Whether to perform calculations at the front end or at the backend is very much decided if we can determine our goal in the business implementation. At time java code might perform better than a sql code both well written or it might be vice-versa. But still if confused you can try to determine first -

  1. If you can achieve something straightforward via database sql then better go for it as db will perform much better and do computations there and then with the result fetch. However if the actual computation requires too much calculation from here and there stuff then you can go with the application code. Why? Because scenario's like looping in most cases are not best handled by sql wherease front end languages are better designed for these things.
  2. In case similar calculation is required from many places then obviously placing the calculation code at the db end will be better to keep things at the same place.
  3. If there are lots of calculations to be done to attain the final result via many different queries then also go for db end as you can place the same code in a stored procedure to perform better than retrieving results from backend and then computing them at the front end.

There are many other aspects which you can think before you decide where to place the code. One perception is totally wrong - Everything can be done best in Java (app code) and/or everything is best to be done by the db (sql code).


If you are writing on top of ORM or writing casual low-performance applications, use whatever pattern simplifies the application. If you are writing a high performance application and thinking carefully about scale, you will win by moving processing to data. I strongly advocate moving the processing to the data.

Let's think about this in two steps: (1) OLTP (small number of record) transactions. (2) OLAP (long scans of many records).

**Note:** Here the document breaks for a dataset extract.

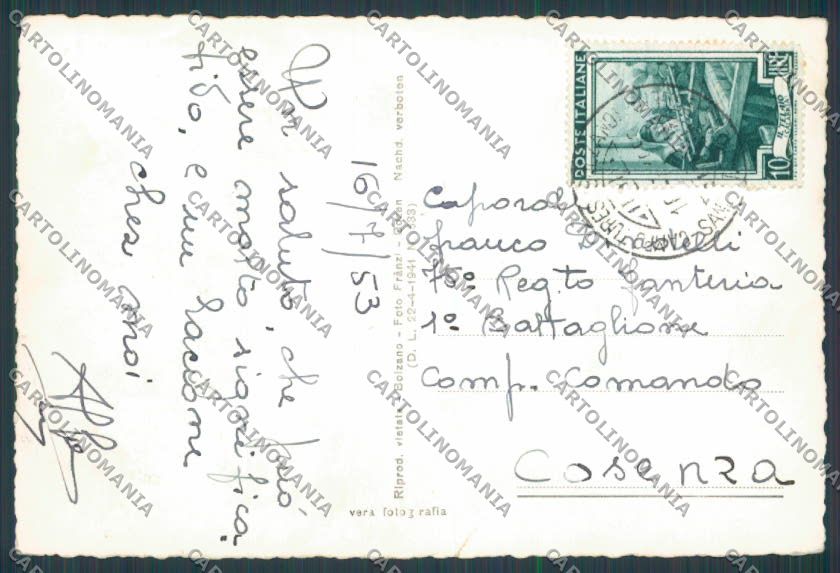 Bolzano Tures vedutine PIEGHINA foto cartolina BB7415 – retro
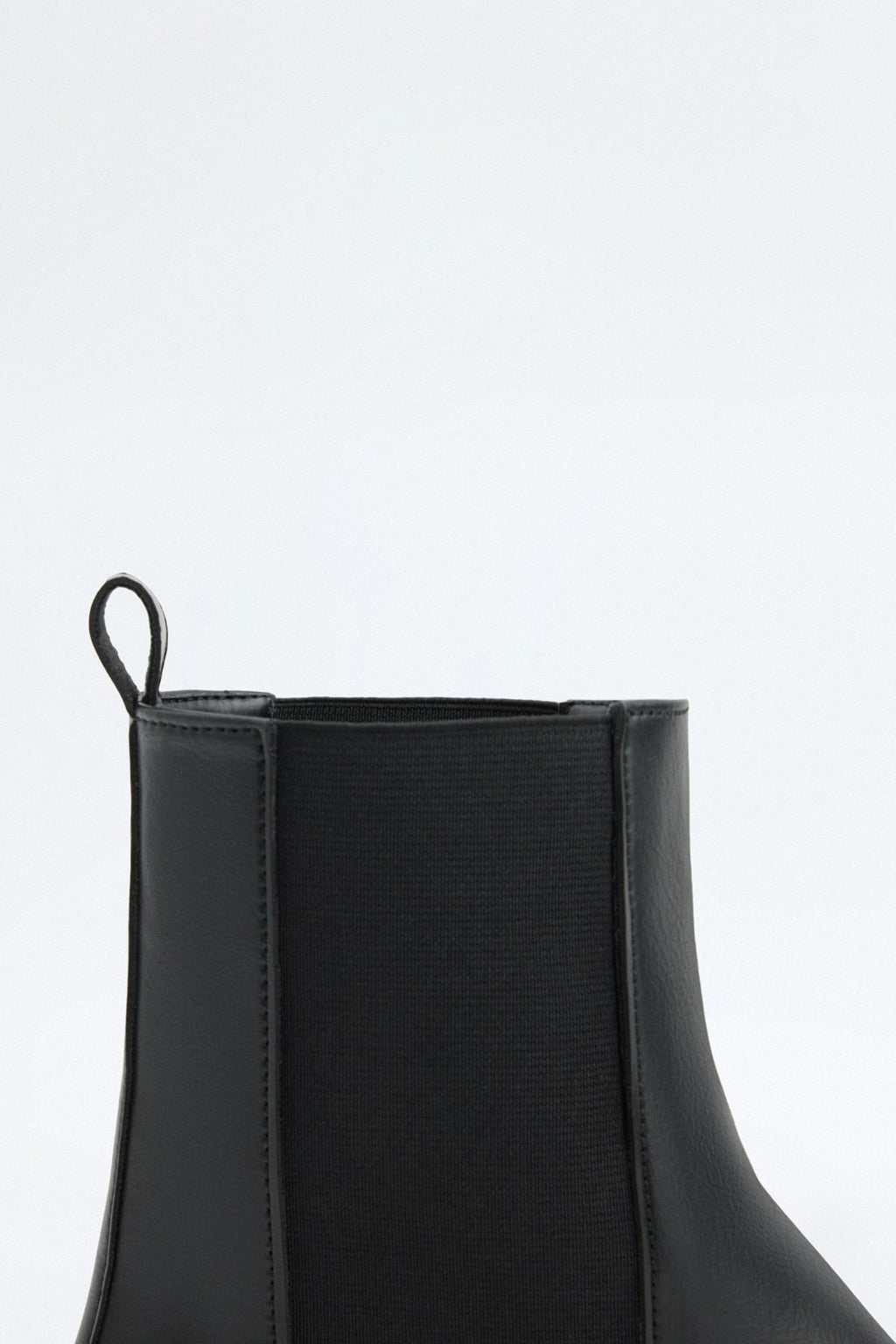 Black square-toe elastic boots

In the OLTP case, if you want to be fast (10k - 100k transactions per second), you must remove latch, lock and dead lock contention from the database. This means that you need to eliminate long stalls in transactions: round trips from client to DB to move processing to the client are one such long stall. You can't have long lived transactions (to make read/update atomic) and have very high throughput.

Re: horizontal scaling. Modern databases scale horizontally. Those systems implement HA and fault tolerance already. Leverage that and try to simplify your application space.

Let's look at OLAP -- in this case it should be obvious that dragging possibly terrabytes of data back to the application is a horrible idea. These systems are built specifically to operate extremely efficiently against compressed, pre-organized columnar data. Modern OLAP systems also scale horizontally and have sophisticated query planners that disperse work horizontally (internally moving processing to data).